Mummy has my tea ready
And daddy’s here too.
Thank you grand-dad
For being here today.
I love you grand-dad
I really love you.

©Raymond N. Hawkins August 2005.

Thursday, 1 September 2011

Restarting work on that unfinished manuscript

Some years ago, after too many rejections on my first single title attempt, Return to Baragula, I started writing another book. I had written nearly 44,000 words of it with about 20,000 to go when at last I discovered a relatively new publisher in Australia had started to release Christian Fiction. To my delight a contract was signed for Return to Baragula. I had revised it so many times, become so fond of some minor characters that they needed their own story and I started writing Outback From Baragula. Thus what was to be a single title became Book One in my Baragula trilogy and for the last few years there has been simply no time to keep writing that other manuscript.

However, the pace has slowed. Justice at Baragula and my husband’s two devotional meditations have been launched. Promotion and activities with other writers is still keeping me busy but there really is no longer any real excuse not to try and get back to writing that stalled story I have tentatively called Her Outback Cowboy.

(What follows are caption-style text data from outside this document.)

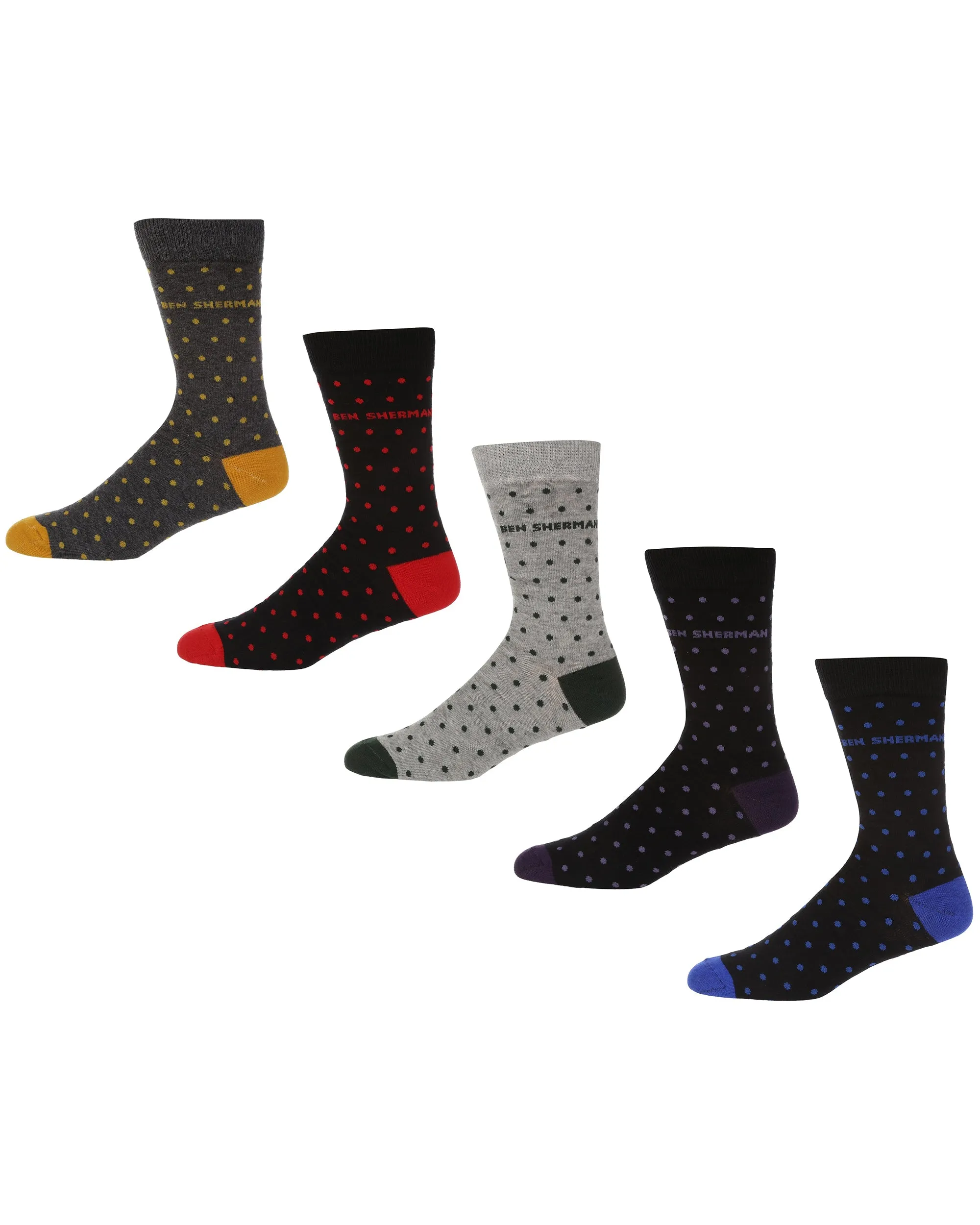 Men's Gift Socks 5-Pack - Multi Spot sold by Ben Sherman product image thumbnail 2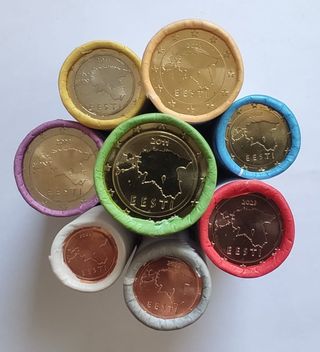 Monedas 8 valores euros Estonia SC/UNC 0,1€ a 2€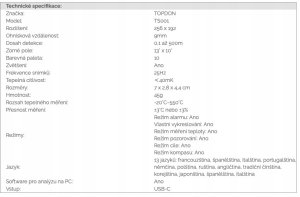 TOPDON termokamera TS001, konektor USB-C 2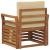 Canapea de exterior Lemn de acacia solid și poliester natural GartenMobel Dekor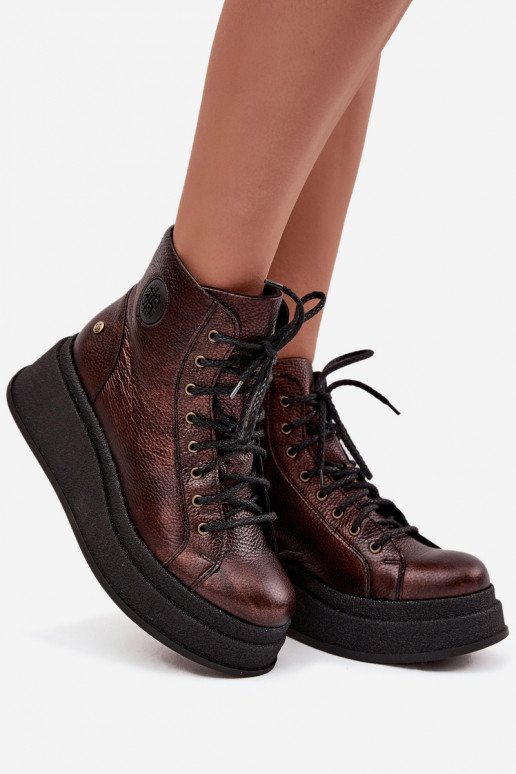 Aulinukai su platforma  06309-32 metalo spalvos Brąz Aulinukai su platforma  06309-32 metalo spalvos Brąz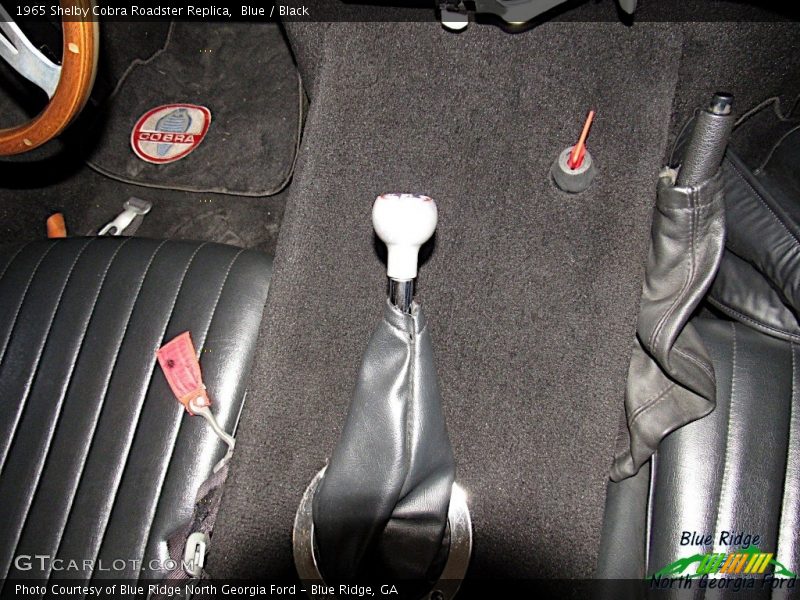 Blue / Black 1965 Shelby Cobra Roadster Replica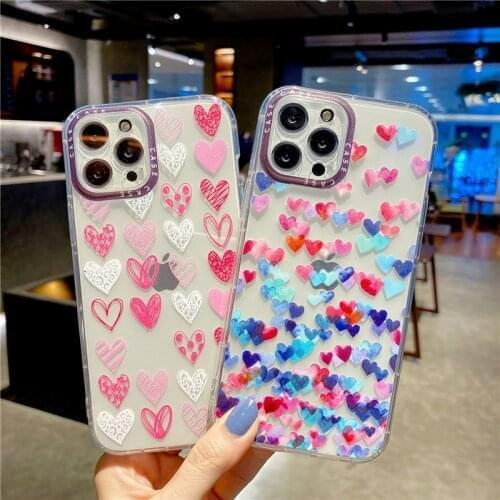 Xiaomi cute heart case is suitable for redmi note 7 note 8 note 9 9A 9C Xiaomi pocom3 10t 11 redmi note 104g note 10 s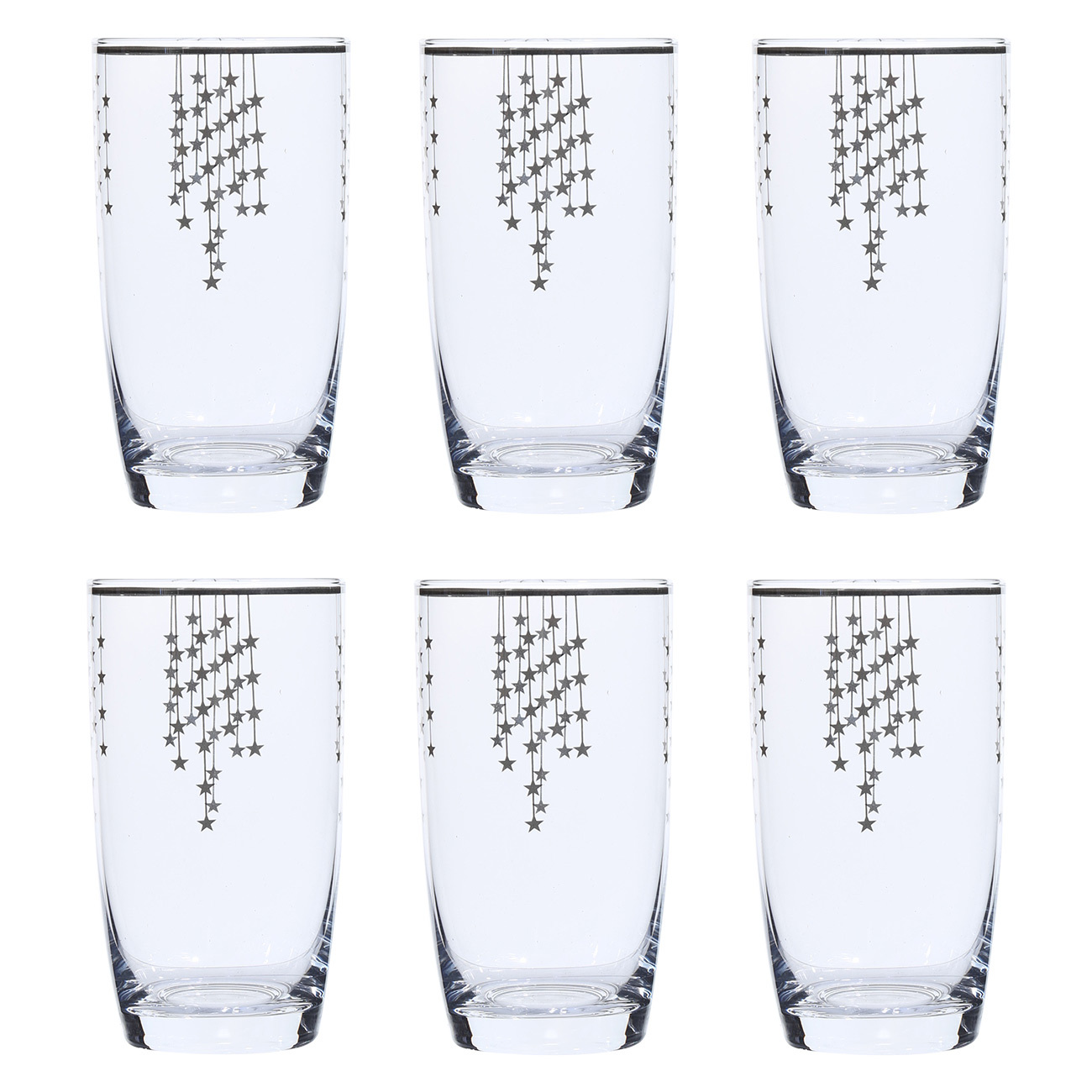 Набор стаканов универсальный Kuchenland, 530 мл, 6 шт — купить в ...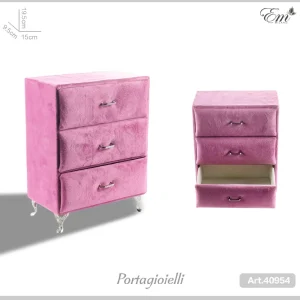 Portagioielli mini armadio fucsia art.40954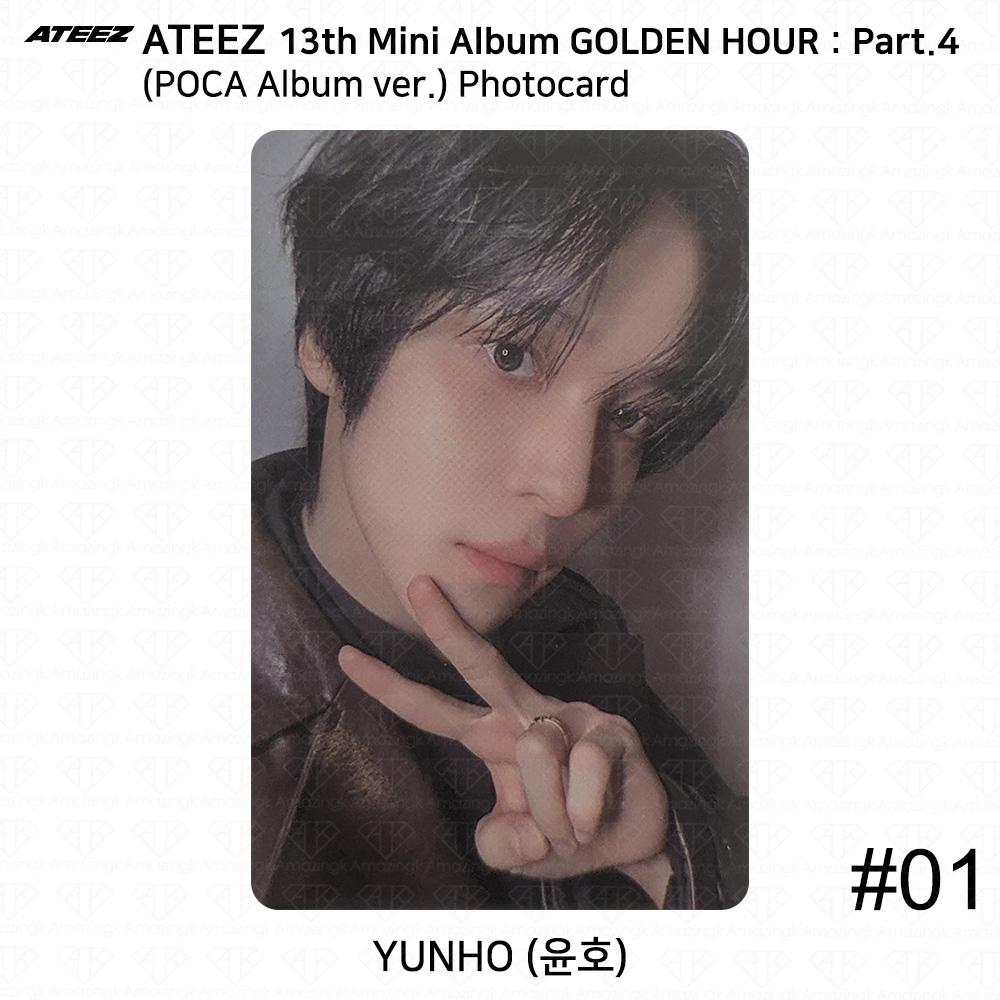 ATEEZ 13-й мини-альбом Golden Hour Часть 4 POCA Альбом версия. Фотокарта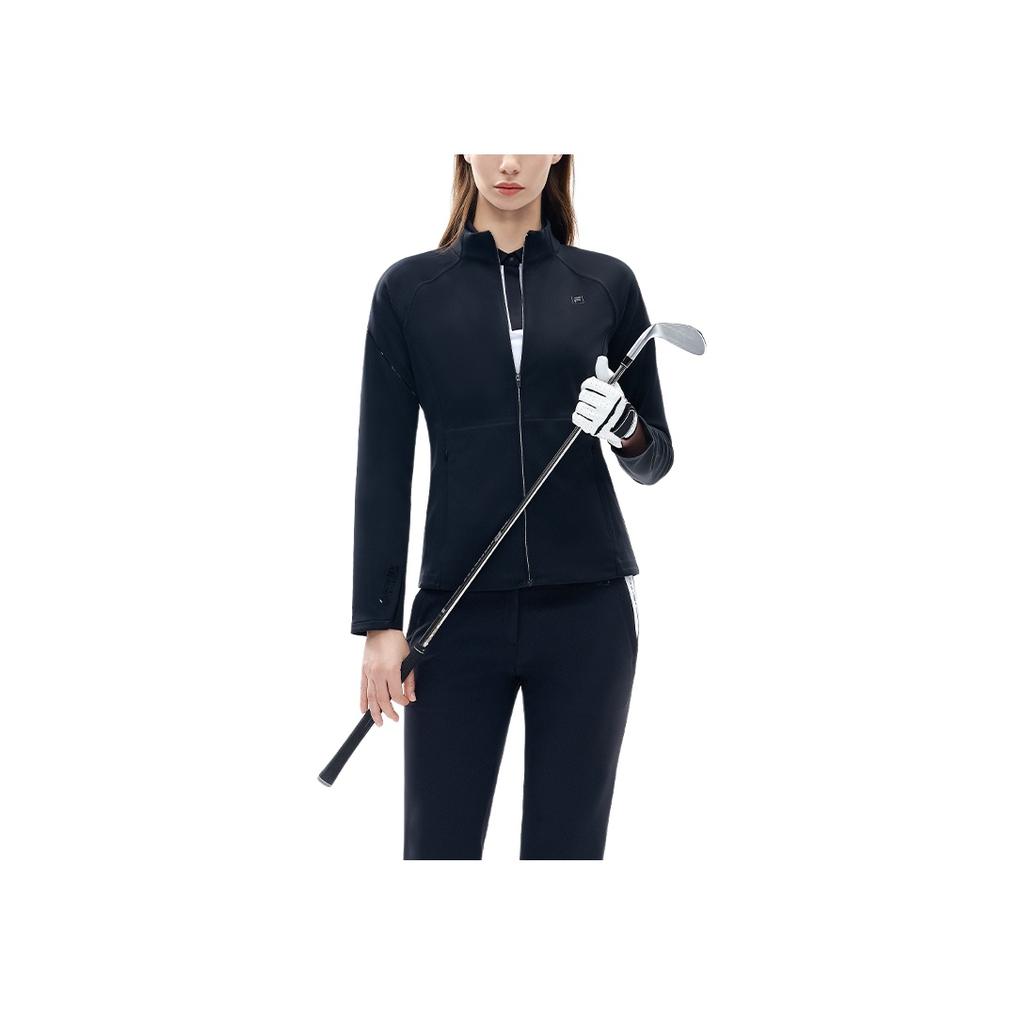 New FILA Athletics Jacket Women's Pitch Black A11W215514FBK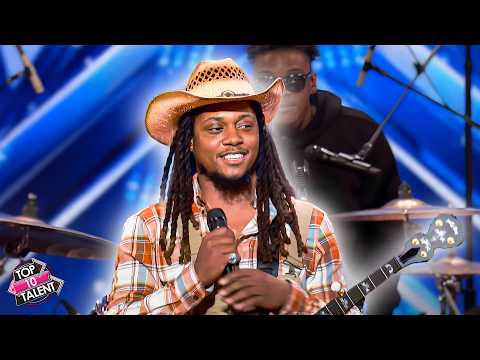 HOT Cowboy's Original Song Makes Sofia Vergara BLUSH And Simon Calls It A Hit! | AGT 2025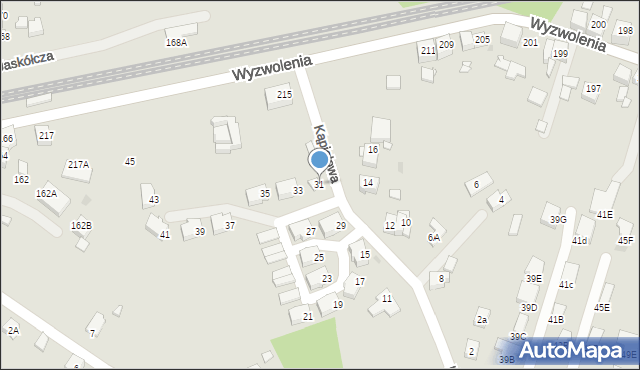 Ruda Śląska, Kąpielowa, 31, mapa Rudy Śląskiej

It has been incredibly easy to procrastinate opening up this file again, searching the filing cabinet for the printed out so-far-manuscript, dragging out the folders with the research for the settings, character information, story-line, etc, etc. In fact, I have been surprised at my real reluctance to try and get back into the hearts and minds of this hero and heroine once more.

Perhaps I am finding it hard to let the characters from Baragula go.

Perhaps I am just very nervous about going through “it” all again—the writing, the editing, the rewrites, the submission process, those revisions from a publisher, those proofs to check, the promotion of a new release and so on and.

Perhaps I keep thinking of all the house cleaning that needs to be done, all those cupboards that need sorting out—including these filing cabinets that have caused me so much angst trying to find Her Outback Cowboy folders today!

Perhaps it is because today is the first day of spring and has been a lovely sunny day. I just wanted to go outside on one the rare days of sunshine we have had lately and pull up all those weeds in the garden that can hardly be called a flower garden anymore.

Perhaps I just want to help more and more our very busy daughter-in-law and son as they prepare to give us our sixth grandchild in October. I so enjoyed having the four year old granddaughter and 21 month old grandson for several hours on two days this week while their other three lovely boys were at school. And the next two weeks are school holidays for them and I’d love to spend time with them too.

Perhaps it is just simply because I am feeling lazy?
So, to prayer and the Scriptures once again for direction, for knowledge to be certain of priorities in my life the Lord wants me to have right now.

Above all, Lord, perhaps I need to simply be more self-disciplined?

Any suggestions gratefully received!